Winigefx

2022-07-01

The question reads: For which real numbers k is the zero state a stable equilibrium of the dynamic system ${x}_{t+1}=A{x}_{t}$?
$A=\left[\begin{array}{cc}0.1& k\\ 0.3& 0.3\end{array}\right]$
So, my thought is I need to find the eigenvalues. In order to do this I calculated the characteristic polynomial as
${x}^{2}-0.4x+0.03-0.3k=0$, with $x$ representing eigenvalues.
Using the quadratic formula I found that the (real) eigenvalues are
$x=\frac{2±\sqrt{1+30k}}{10}$
and for the zero state to be in stable equilibrium $\sqrt{1+30k}<8$. Hence, $k<21/10$ (for stable equilibrium).
My question is how do I figure out the values for $k$ if the eigenvalues are complex?
Do I solve the inequality $\sqrt{-1-30k}<8$?

frethi38

In general, the zero state of a dynamical system of the form ${x}_{t+1}=A{x}_{t}$ is a stable equilibrium when all of the eigenvalues of A are inside the unit circle in the complex plane.
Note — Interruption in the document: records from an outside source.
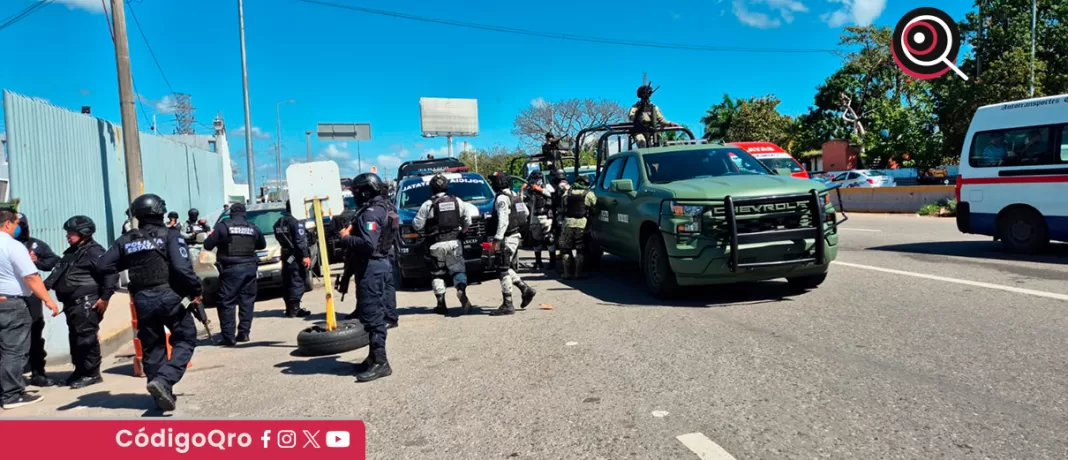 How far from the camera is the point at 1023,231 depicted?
34.2 ft

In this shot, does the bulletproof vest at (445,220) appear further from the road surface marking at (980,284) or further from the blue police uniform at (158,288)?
the road surface marking at (980,284)

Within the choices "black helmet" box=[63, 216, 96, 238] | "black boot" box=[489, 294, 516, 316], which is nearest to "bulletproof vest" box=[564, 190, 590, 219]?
"black boot" box=[489, 294, 516, 316]

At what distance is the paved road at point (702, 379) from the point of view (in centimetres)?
377

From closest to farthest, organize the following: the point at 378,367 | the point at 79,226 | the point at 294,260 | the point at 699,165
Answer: the point at 378,367, the point at 79,226, the point at 699,165, the point at 294,260

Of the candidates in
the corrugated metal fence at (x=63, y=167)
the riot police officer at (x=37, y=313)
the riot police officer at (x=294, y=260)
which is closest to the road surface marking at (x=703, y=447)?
the riot police officer at (x=37, y=313)

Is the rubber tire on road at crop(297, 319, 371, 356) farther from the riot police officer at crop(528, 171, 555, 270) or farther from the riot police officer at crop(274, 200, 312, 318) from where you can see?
the riot police officer at crop(528, 171, 555, 270)

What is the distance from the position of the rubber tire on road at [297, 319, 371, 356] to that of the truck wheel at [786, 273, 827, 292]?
4.88 meters

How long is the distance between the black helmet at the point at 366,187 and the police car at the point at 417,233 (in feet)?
9.89

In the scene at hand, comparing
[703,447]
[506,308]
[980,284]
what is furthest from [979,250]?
[703,447]

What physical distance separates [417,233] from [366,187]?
11.3ft

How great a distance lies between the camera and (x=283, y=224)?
30.0 feet

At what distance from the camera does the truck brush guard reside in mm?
7043

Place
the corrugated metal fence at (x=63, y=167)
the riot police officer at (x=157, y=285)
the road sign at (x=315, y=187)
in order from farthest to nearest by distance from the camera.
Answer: the corrugated metal fence at (x=63, y=167) < the road sign at (x=315, y=187) < the riot police officer at (x=157, y=285)

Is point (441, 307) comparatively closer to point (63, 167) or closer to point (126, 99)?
point (63, 167) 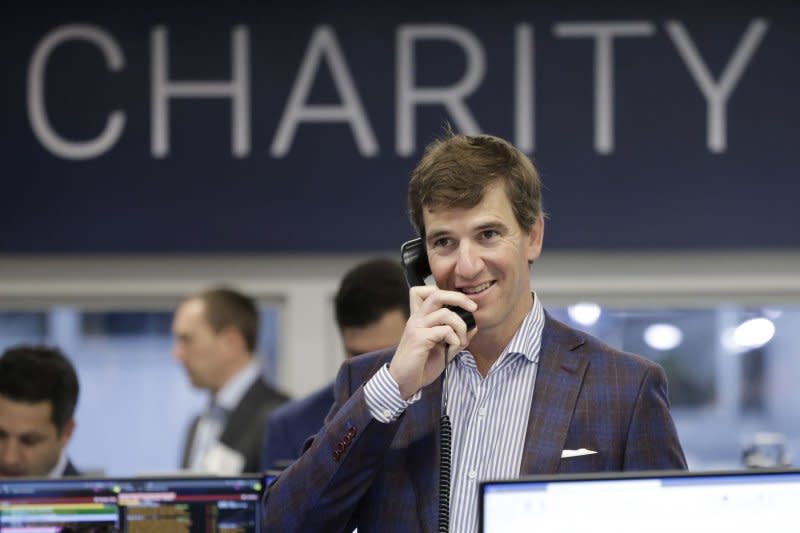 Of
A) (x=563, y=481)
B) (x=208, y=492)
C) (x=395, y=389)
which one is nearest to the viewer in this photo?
(x=563, y=481)

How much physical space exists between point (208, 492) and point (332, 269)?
3046 millimetres

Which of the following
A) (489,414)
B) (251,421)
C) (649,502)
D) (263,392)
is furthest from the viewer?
(263,392)

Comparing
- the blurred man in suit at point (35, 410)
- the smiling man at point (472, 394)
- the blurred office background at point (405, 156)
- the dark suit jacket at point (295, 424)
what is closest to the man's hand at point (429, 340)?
the smiling man at point (472, 394)

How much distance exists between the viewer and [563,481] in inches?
69.6

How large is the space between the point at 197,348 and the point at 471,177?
3.22 metres

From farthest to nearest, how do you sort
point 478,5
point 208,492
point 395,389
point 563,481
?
1. point 478,5
2. point 208,492
3. point 395,389
4. point 563,481

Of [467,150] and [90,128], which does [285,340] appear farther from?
[467,150]

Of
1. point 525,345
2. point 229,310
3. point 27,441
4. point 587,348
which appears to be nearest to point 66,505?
point 525,345

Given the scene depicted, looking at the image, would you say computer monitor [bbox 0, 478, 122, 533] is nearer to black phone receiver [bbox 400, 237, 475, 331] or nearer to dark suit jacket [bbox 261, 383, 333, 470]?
black phone receiver [bbox 400, 237, 475, 331]

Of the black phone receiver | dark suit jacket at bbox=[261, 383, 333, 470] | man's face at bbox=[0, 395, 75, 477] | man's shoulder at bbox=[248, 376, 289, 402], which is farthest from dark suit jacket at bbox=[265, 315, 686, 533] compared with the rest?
man's shoulder at bbox=[248, 376, 289, 402]

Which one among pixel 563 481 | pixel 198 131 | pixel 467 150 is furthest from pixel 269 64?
pixel 563 481

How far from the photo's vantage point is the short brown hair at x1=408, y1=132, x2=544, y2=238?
2213 mm

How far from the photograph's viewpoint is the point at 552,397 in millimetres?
2227

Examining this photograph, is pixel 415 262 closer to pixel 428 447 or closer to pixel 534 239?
pixel 534 239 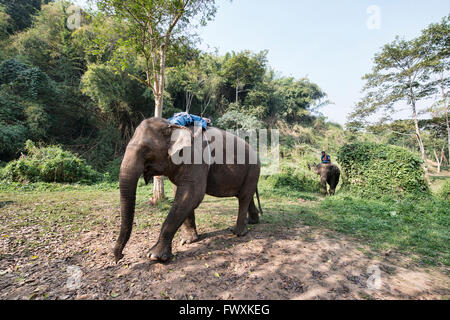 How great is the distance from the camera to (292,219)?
5750 millimetres

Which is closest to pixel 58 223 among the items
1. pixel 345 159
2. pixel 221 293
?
pixel 221 293

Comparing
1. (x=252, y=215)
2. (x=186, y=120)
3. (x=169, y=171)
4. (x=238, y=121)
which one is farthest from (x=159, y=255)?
(x=238, y=121)

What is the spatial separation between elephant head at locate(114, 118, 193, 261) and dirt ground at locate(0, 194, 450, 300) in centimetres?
50

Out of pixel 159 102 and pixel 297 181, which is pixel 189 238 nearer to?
pixel 159 102

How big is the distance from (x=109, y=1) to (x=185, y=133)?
213 inches

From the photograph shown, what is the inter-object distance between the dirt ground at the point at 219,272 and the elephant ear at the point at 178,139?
5.61 feet

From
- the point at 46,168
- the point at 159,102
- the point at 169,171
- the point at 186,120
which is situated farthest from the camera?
the point at 46,168

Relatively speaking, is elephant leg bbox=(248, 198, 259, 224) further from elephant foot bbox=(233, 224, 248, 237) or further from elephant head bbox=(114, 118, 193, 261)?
elephant head bbox=(114, 118, 193, 261)

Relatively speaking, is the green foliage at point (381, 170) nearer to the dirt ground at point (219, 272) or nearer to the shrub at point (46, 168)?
the dirt ground at point (219, 272)

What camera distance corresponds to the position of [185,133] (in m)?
3.07

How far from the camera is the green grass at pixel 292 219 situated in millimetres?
4195

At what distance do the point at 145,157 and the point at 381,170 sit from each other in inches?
418

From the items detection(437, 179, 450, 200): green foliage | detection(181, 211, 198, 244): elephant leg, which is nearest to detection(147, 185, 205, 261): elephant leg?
detection(181, 211, 198, 244): elephant leg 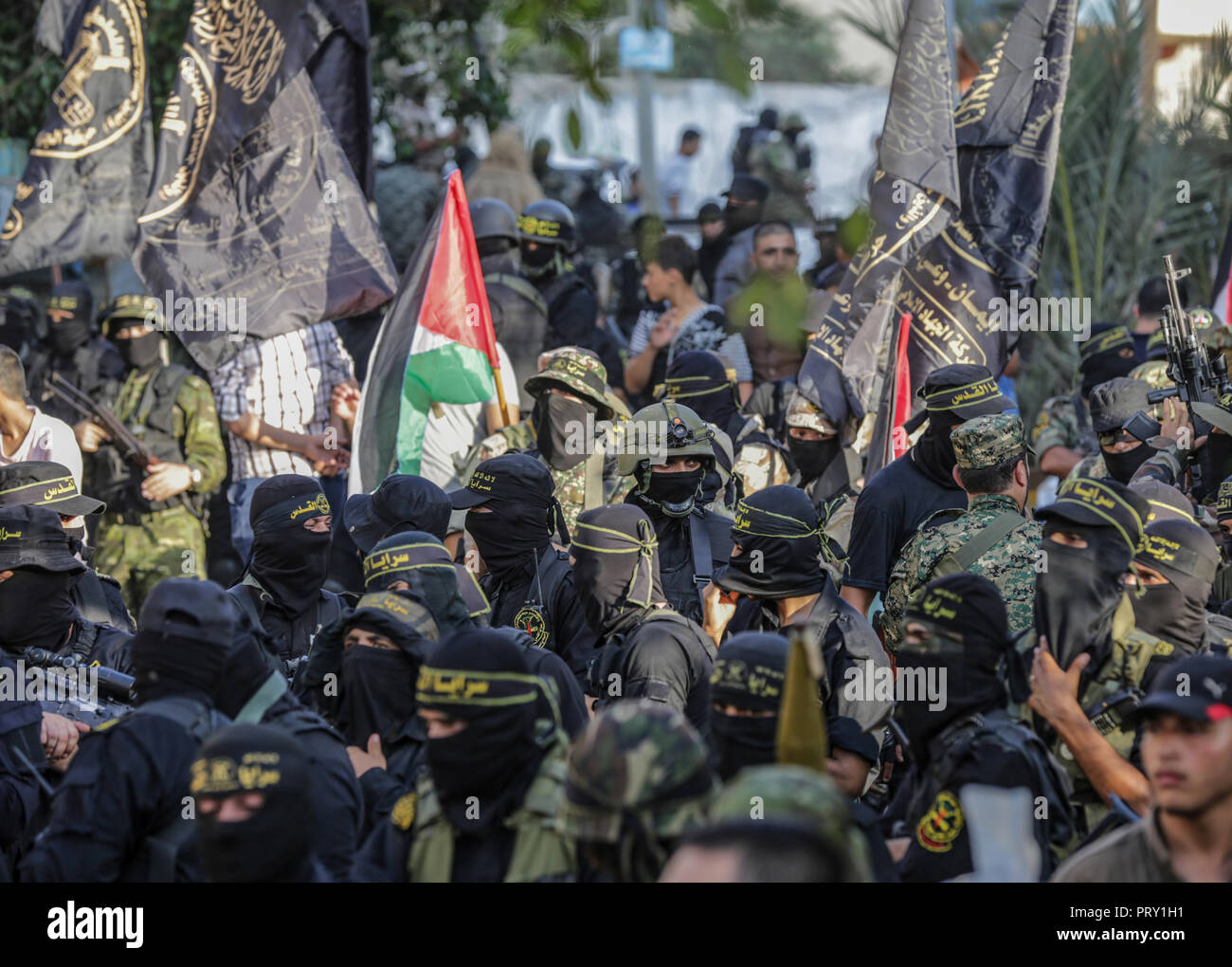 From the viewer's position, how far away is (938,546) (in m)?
5.86

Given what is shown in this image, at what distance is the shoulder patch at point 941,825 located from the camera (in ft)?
13.6

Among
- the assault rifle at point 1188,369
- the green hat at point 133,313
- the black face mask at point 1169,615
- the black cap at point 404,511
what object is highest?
the green hat at point 133,313

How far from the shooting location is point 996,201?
862 centimetres

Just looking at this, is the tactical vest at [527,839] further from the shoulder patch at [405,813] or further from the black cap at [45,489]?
the black cap at [45,489]

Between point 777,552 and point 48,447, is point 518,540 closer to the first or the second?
point 777,552

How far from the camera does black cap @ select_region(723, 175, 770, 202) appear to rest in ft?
39.6

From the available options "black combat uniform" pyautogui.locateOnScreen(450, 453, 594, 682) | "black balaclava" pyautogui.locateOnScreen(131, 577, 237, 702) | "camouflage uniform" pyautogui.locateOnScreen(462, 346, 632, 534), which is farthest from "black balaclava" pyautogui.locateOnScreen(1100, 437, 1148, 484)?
"black balaclava" pyautogui.locateOnScreen(131, 577, 237, 702)

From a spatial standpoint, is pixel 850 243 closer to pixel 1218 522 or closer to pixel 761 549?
pixel 761 549

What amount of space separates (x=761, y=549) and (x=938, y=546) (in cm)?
70

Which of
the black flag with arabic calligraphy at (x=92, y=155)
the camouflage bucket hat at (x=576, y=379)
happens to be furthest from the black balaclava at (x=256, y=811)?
the black flag with arabic calligraphy at (x=92, y=155)

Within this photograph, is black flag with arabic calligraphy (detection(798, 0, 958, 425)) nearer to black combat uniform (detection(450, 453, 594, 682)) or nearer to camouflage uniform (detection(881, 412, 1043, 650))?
camouflage uniform (detection(881, 412, 1043, 650))

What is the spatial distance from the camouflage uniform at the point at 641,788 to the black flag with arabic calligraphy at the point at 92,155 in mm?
7590

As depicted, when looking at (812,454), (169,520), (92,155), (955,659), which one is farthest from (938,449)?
(92,155)

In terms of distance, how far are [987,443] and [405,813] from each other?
9.18ft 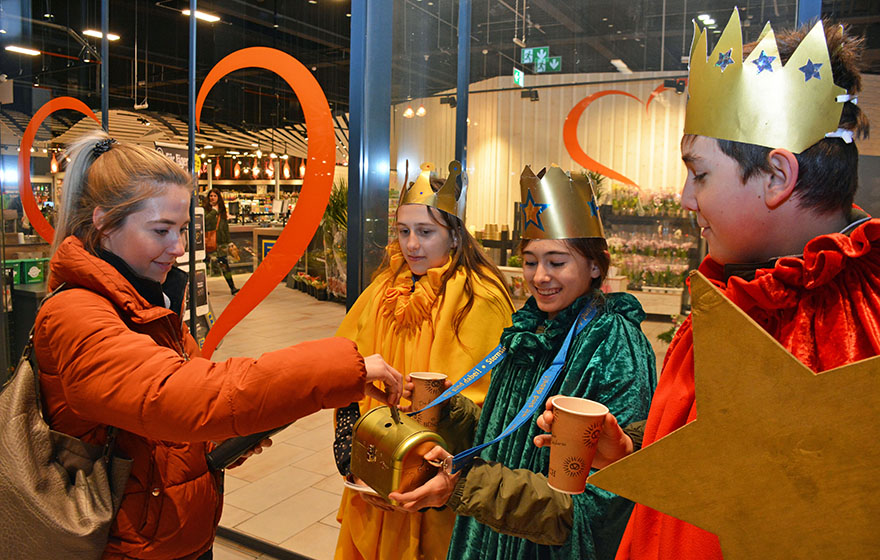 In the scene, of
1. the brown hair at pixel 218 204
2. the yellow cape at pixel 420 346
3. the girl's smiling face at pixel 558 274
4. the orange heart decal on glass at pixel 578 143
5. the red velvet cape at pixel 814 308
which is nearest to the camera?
the red velvet cape at pixel 814 308

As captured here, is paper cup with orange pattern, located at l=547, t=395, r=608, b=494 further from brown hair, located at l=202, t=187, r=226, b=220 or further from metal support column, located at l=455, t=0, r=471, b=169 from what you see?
brown hair, located at l=202, t=187, r=226, b=220

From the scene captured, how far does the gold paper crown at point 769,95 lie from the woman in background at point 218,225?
114 inches

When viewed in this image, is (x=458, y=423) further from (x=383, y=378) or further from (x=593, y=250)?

So if you have an eigenvalue of the form $a+bi$, you get stability when ${a}^{2}+{b}^{2}<1$. Since this is a homework question, I'll let you work out the rest of the problem from here. (This isn't going to be equivalent to solving $\sqrt{-1-30k}<8$, though.)

George Bray

Good answer. Just to be clear, though, one has asymptotic stability if ${a}^{2}+{b}^{2}<1$. The system is generally considered stable if ${a}^{2}+{b}^{2}=1$.